Journal of Pharmacogenomics & Pharmacoproteomics

Clinical and molecular analysis of patients with Morquio Syndrome and GM1 gangliosidosis

7^th International Conference on Predictive, Preventive and personalized Medicine & Molecular Diagnostics

October 05-06, 2017 Chicago, USA

Abdul Mueed Bidchol

Manipal University, India

Posters & Accepted Abstracts: J Pharmacogenomics Pharmacoproteomics

Abstract:

Morquio A syndrome and GM1 gangliosidosis are lysosomal storage diseases caused by deficiencies of N-acetylgalactosamine6-sulfatase (GALNS) and β-galactosidase (β-GAL) respectively, due to the mutations in the genes coding for these enzymes. To further characterize the phenotype and the mutation spectrum for these conditions, we analyzed the clinical profiles of Indian patients with these conditions and identified the mutations in the GALNS and GLB1 genes.
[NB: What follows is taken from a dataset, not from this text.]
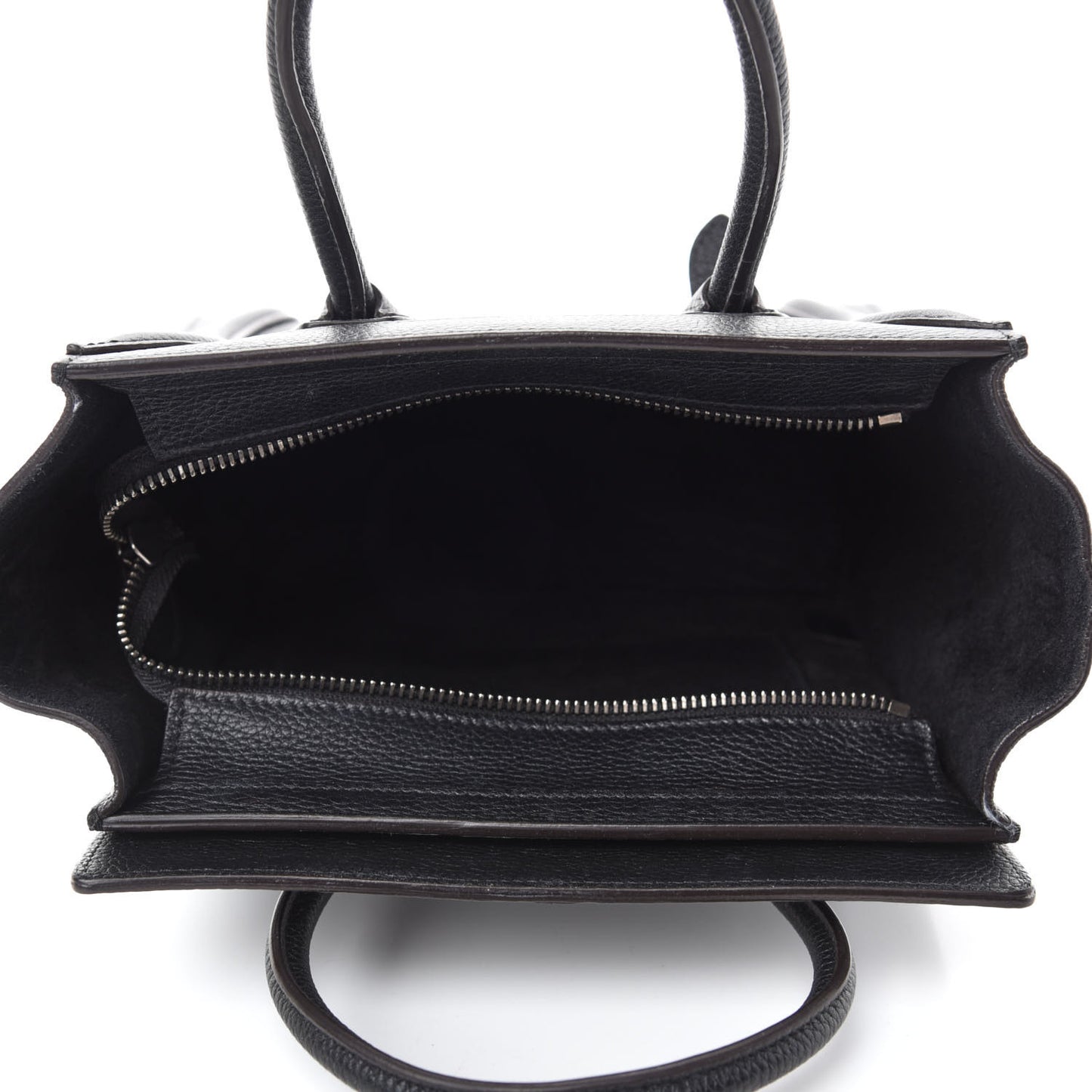Drummed Calfskin Nano Luggage Black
All the exons and the adjacent intronic sequences of GALNS and GLB1 were amplified and sequenced. We performed in silico and structural analyses of novel mutations identified in this study. We identified 57 different mutations in GALNS in 110 families, of which 31 were novel and 26 were previously reported. We also found 42 different mutations in GLB1 in 62 families, of which 26 were novel and 16 were already reported. We identified the most common mutations in GALNS and GLB1, and noted a higher frequency of mutations in exons 1, 8 and 7 of GALNS and exons 1, 14 and 10 of GLB1. We propose a diagnostic strategy to identify the mutations in GALNS and GLB1 in Indian patients with these conditions. In silico and structural analyses of GALNS and GLB1 revealed that all novel mutations affect the function and structure of the proteins. This study presents the largest series of patients with Morquio A syndrome and GM1 gangliosidosis and is the first from India. This study has helped prenatal diagnosis and genetic counselling of affected families.